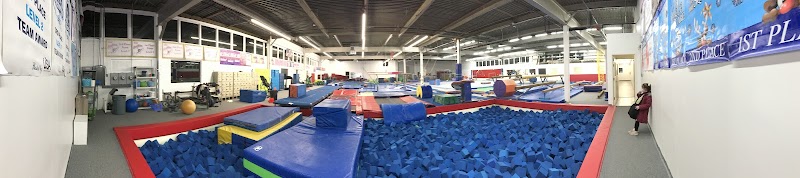 Apex Gymnastics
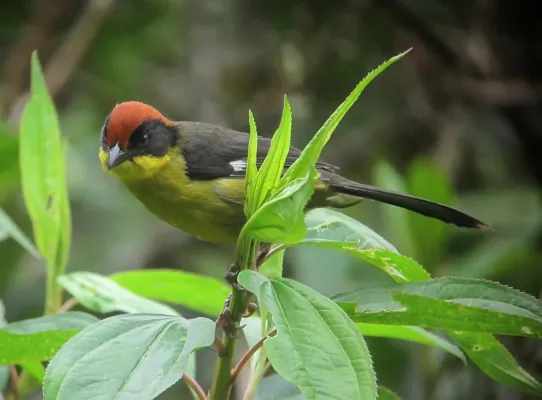 File:Atlapetes latinuchus Gorrión montés cabecirrufo Yellow-breasted Brush-Finch (8597340003).jpg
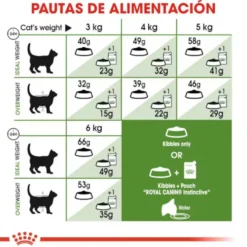 Royal Canin Active Life Outdoor pienso para gatos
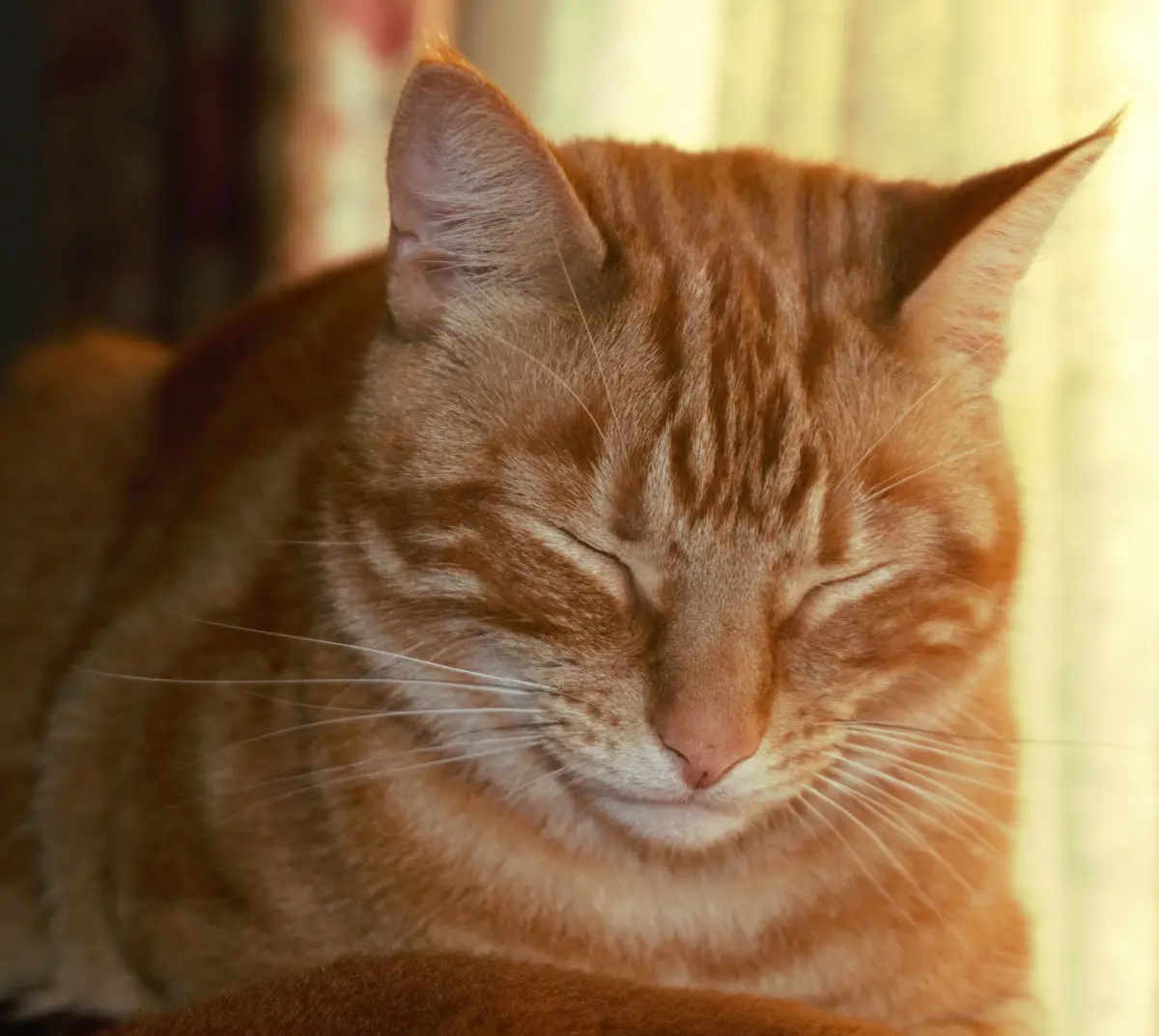 Meet Missy Moo, the Adorable Ginger Cat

WHAT THIS TASK INVOLVES:
Please write out exactly the lines from the one holding "Royal Canin Active" through the last line of the material above, both included, as a copy without pictures.

YOUR RESPONSE:
 Royal Canin Active Life Outdoor pienso para gatos
 Meet Missy Moo, the Adorable Ginger Cat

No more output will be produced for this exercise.